City working on plan to correct Southfork boundary errors

The city’s urban development director said Thursday that he will have a plan soon to correct boundary mistakes in a south Wichita tax increment financing district, mistakes that an official said should not threaten a multimillion-dollar retail and office development.

Allen Bell, who heads the city’s economic development efforts, said he hopes to have an answer soon on how best to correct two boundary errors made in the Southfork TIF, a 72-acre retail, office and hospitality project near I-135 and 47th Street South. Bell took responsibility for the errors, which were discovered by Sedgwick County Clerk Kelly Arnold and conveyed to Bell in an e-mail obtained by The Eagle.

“We haven’t determined what we’ll do,” Bell said. “It was an error ... I was responsible.”

According to the e-mail, Arnold has found two errors in the Southfork TIF district: one where it extends into the Haysville school district, and another where it expands past the Wichita city limits into Riverside Township.

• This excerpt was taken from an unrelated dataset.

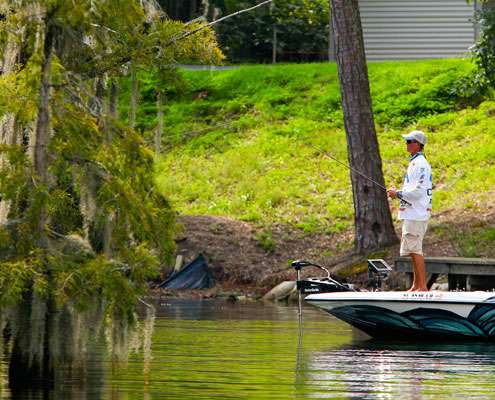 <p>
	While many of his competitors were fishing deep, Casey Ashley started shallow. </p>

Officials at Haysville USD 261 confirmed Thursday that city officials did not notify them about plans for the Southfork TIF, a district that would capture $9.9 million in taxes generated by developer Jay Maxwell’s project. Notification of all organizations that collect taxes inside a TIF is required by law.

City Council member James Clendenin, in whose District 3 the proposed development falls, said Thursday that city officials are still working through the errors.

“I’m not sure if we’ll have to revote,” Clendenin said. “Mistakes were made and they were very technical in nature, but the boundaries were drawn wrong.”

Clendenin said the mistakes shouldn’t threaten the Southfork project, one of his priorities as he seeks re-election.

“The people of south Wichita have been underserved for so long,” he said. “This development means the world to this area. We’ve made a lot of progress getting the boundaries set, and now we want to see dirt moving, and that’s my goal in the next few months.”

Tim Austin, a spokesman for Maxwell, said this week that his development group is waiting for a city determination on how to proceed.

“I’m surprised the media knew about it before we knew about it,” Austin said. “Before we understand all the issues, I don’t think we have any comments.”

The Southfork plan includes retail, hotel, restaurants and office space on the initial 50 acres, along with a medical complex on the 22 acres west of the Riverside Drainage Canal.

It’s the third economic development problem confronted by the city in recent months.

In May, Cabela’s officials had to issue sales tax refunds for extra taxes charged in the first 12 days of their Wichita operation, when city officials neglected to notify the state in time that it had created a special sales tax district to spur the store’s development.

A month later, a STAR bond district at K-96 and Greenwich had to be expanded after the project’s signature $65 million athletic complex was omitted.

Southfork barely cleared the Sedgwick County Commission in May on its second attempt before the county, receiving a 3-2 approval vote amid concern whether the project actually needed public funding.

It passed the Wichita City Council by a 6-1 vote in April, with Clendenin saying the project will provide sorely needed quality retail and office space in a blighted part of his district.